Ribuan keluarga yang tinggal di dekat tempat pembuangan sampah yang membara di sudut utara ibukota India telah menaiki pintu dan jendela mereka karena mereka mengatakan udara di luar sangat beracun sehingga mereka akan batuk sepanjang hari.
New Delhi memiliki udara terburuk dari setiap ibukota di planet ini, menurut IQ AirVisual, sebuah kelompok yang berbasis di Swiss yang mengumpulkan data kualitas udara secara global.
Jahangirpuri adalah salah satu bagian yang paling tercemar, tersedak setiap hari dalam campuran asap keruh dari pembakaran sampah, asap knalpot dari truk yang masuk dan keluar dari depot besar dan debu naik dari jalan tanpa logam.

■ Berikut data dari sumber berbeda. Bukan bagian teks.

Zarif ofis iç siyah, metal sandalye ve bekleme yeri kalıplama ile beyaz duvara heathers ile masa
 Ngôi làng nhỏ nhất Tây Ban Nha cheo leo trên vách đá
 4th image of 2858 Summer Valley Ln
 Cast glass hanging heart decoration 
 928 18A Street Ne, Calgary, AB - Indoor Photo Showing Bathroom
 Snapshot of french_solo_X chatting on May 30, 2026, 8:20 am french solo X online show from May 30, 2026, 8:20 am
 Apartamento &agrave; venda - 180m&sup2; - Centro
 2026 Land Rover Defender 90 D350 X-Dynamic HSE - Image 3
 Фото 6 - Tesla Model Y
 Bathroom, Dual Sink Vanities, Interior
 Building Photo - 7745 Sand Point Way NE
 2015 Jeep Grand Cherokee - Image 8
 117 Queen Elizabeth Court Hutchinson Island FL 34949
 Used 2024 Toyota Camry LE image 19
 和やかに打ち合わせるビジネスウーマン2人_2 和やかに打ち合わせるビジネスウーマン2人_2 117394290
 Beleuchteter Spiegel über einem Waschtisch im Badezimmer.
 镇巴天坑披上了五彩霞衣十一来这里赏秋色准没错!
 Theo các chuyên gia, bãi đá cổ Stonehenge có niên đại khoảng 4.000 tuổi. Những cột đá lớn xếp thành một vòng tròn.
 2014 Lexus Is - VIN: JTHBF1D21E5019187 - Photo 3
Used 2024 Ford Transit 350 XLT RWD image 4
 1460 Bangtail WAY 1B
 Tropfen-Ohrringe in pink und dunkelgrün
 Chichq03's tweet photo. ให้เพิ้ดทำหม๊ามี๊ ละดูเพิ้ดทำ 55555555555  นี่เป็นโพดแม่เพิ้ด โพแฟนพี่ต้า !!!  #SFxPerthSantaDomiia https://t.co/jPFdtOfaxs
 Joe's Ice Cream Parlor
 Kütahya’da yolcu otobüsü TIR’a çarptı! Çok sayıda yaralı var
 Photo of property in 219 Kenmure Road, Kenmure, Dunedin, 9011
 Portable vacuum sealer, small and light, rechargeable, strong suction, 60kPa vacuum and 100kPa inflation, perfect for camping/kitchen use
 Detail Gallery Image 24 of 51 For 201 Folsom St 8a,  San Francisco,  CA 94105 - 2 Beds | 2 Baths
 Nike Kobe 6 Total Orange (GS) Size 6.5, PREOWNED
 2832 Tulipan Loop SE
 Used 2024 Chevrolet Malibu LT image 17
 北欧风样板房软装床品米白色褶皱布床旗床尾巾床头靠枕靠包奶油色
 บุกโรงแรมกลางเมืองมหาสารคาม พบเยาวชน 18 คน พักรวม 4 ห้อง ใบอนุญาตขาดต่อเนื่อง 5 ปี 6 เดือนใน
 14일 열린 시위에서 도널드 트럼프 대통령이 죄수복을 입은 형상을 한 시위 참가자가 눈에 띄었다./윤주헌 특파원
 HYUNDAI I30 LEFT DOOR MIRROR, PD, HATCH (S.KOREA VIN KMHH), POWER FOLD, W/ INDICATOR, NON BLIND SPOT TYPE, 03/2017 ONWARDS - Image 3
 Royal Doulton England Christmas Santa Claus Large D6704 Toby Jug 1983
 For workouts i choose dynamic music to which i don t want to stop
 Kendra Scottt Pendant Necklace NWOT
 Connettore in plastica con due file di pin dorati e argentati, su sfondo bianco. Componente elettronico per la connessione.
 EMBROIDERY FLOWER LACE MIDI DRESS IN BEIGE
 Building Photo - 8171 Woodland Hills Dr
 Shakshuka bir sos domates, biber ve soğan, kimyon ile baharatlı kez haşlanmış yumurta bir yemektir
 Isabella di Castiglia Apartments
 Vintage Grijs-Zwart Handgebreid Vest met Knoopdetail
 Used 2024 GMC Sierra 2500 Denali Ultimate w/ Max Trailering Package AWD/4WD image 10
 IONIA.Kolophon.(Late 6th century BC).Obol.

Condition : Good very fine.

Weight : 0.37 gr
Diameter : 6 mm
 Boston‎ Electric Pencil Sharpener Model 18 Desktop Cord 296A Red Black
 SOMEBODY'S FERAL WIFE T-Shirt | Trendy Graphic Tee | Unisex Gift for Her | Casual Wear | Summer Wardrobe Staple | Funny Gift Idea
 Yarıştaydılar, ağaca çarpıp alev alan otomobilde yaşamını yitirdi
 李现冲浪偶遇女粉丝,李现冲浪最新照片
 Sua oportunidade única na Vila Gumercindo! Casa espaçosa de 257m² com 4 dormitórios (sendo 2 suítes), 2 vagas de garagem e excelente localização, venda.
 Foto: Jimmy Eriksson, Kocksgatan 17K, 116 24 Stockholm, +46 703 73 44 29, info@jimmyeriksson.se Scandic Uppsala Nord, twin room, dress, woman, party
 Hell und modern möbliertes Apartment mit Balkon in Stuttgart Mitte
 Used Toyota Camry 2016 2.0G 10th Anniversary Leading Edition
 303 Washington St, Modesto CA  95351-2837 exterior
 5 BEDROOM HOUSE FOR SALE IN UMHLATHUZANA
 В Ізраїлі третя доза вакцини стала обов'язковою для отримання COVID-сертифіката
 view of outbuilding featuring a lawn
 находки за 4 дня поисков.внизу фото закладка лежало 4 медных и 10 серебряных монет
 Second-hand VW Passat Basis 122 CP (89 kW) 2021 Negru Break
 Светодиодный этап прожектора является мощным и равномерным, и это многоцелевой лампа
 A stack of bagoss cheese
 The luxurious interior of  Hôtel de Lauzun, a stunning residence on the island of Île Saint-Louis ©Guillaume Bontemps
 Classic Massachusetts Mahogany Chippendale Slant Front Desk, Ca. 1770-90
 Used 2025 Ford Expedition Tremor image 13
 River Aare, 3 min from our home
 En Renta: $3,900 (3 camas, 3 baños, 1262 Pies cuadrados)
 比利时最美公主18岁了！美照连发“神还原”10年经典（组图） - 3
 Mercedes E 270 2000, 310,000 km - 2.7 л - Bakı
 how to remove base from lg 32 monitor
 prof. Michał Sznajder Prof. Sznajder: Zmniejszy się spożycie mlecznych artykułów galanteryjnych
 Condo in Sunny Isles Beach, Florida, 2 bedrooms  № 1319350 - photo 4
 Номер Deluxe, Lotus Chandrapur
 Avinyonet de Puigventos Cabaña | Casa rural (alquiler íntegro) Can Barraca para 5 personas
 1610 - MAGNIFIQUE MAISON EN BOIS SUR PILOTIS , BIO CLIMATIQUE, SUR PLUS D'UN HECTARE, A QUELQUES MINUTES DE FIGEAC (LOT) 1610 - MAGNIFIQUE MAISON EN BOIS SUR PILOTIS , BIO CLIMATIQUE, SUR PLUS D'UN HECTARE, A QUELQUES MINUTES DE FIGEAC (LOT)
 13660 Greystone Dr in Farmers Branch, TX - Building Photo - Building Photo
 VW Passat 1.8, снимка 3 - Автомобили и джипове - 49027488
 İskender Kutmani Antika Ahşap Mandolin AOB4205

“Kami sekarat dengan kematian yang lambat. Tapi kami tidak bisa berpikir untuk pergi ke tempat lain karena pekerjaan kami ada di sini,” kata pekerja upah harian Naresh Yadav, seorang pekerja migran berusia 33 tahun dari negara bagian Bihar yang dilanda kemiskinan.
Bulan ini, ketika angin turun meninggalkan polutan terperangkap di udara, tingkat PM2.5, partikel kecil yang tersedot jauh ke dalam paru-paru, rata-rata 390 di Jahangirpuri – enam kali lebih banyak dari jumlah yang dianggap aman oleh Organisasi Kesehatan Dunia.
Delhi menyalahkan petani yang membakar tunggul tanaman di negara-negara tetangga karena udaranya yang sakit-sakitan, dan kepala menteri ibukota federal Arvind Kejriwal mengatakan minggu ini bahwa itu memperburuk dampak wabah virus corona.
Tapi, lebih dari setengah polutan di udara Delhi adalah hasil dari emisi kendaraan, limbah beracun dan asap dari ribuan unit industri kecil yang tidak diatur dan debu dari konstruksi yang tidak pernah berakhir, menurut rincian oleh kelompok lingkungan.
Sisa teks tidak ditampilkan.